Jon M. Chu’s hit movie version of the Broadway musical Wicked (or more accurately, Wicked: Part I) has prompted a new wave of enthusiastically shipping frenemy protagonists Elphaba and Galinda/Glinda under the ship name “Gelphie.” That fandom has been present in Broadway circles since the stage show’s 2003 debut, and no wonder — Wicked’s enemies-to-friends-to-enemies(ish) arc and its themes of unrequited longing are tailor-made for fanfiction treatments. (Popular fanfiction site A03 has Gelphie-tagged Wicked fics going back as far as 2004.)
But the passion Cynthia Erivo (as Elphaba) and Ariana Grande (as Glinda) put into the characters on screen whenever they look at or touch each other has inspired a new generation to post Gelphie memes, fanfic, fan art, and video edits all over social media. And getting enthusiastic buy-in both from the movie’s stars and from original Wicked author Gregory Maguire certainly hasn’t hurt.
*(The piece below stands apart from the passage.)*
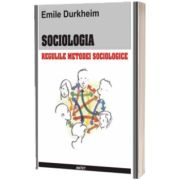 Sociologia. Regulile metodei sociologice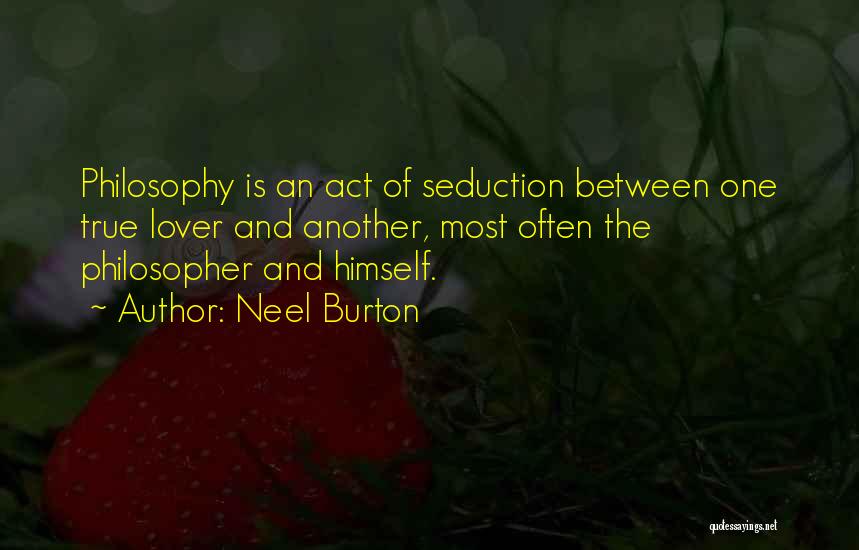 Neel Burton Quotes: Philosophy Is An Act Of Seduction Between One True Lover And Another, Most Often The Philosopher And Himself.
In a recent interview with Them, Maguire says he didn’t want to outright state in his book that Elphaba and Glinda were lovers, but that he wanted “sexual orientation and sexual diversity” to be a significant part of the book, because it’s an important part of making a fantasy setting real. In his original novel, the two women kiss — and as fans on TikTok note, that kind of lightly romantic contact has appeared in some versions of the stage play.
But Maguire says he also wanted to leave open the possibility of an unrequited love between the two of them: “[Their relationship] was modest and restrained and refined in such a way that one could imagine that one of those two young women had felt more than the other and had not wanted to say it. Or perhaps because a novelist can’t write every scene, perhaps when the lights were out and the novelist was out having a smoke in the back alley, the girls had sex in the bed on the way to the Emerald City. I wanted to propose this possibility.”
But no, Maguire hasn’t seen the Gelphie fan art or memes in the wake of the movie: “I don’t even know where one would look for an internet meme. I’m not even sure what it is.”
Meanwhile, Erivo and Grande have been open throughout their press tour about feeling that Wicked is “beautifully queer,” that Glinda is “a little in the closet,” and that their connection is built around “true love.” Even original stage show Glinda Kristin Chenoweth weighed in with a comment on an Instagram post about Glinda being queer: “I thought so too way back when…” Gelphie fans have pointed to those interview snippets as proof that the actors have their own queer headcanon for the two characters.
A lot of the fan memes have revolved around the opening lines of the song “What Is This Feeling,” where Glinda and Elphaba sing about their mutual loathing in comedically ambiguous terms that sound like they have a mutual crush: “What is this feeling, so sudden and new? / I felt the moment I laid eyes on you / My pulse is rushing / My head is reeling / My face is flushing / What is this feeling? / Fervid as a flame / Does it have a name?”
And inevitably, fans who know how the whole musical plays out have been imagining a better future for Glinda and Elphaba, as happy lovers who grow old together. Like so many fancanons built around fraught, complicated relationships, the Gelphie fandom lends itself to both big, dramatic conflict and happily-ever-after hopes. It’s a wholesome, playful fandom to dig into on your social media outlet of choice. But it’s also a rare case where the creative team and the fandom seem to be both aligned on the fanfic possibilities and actively enthused about sharing them.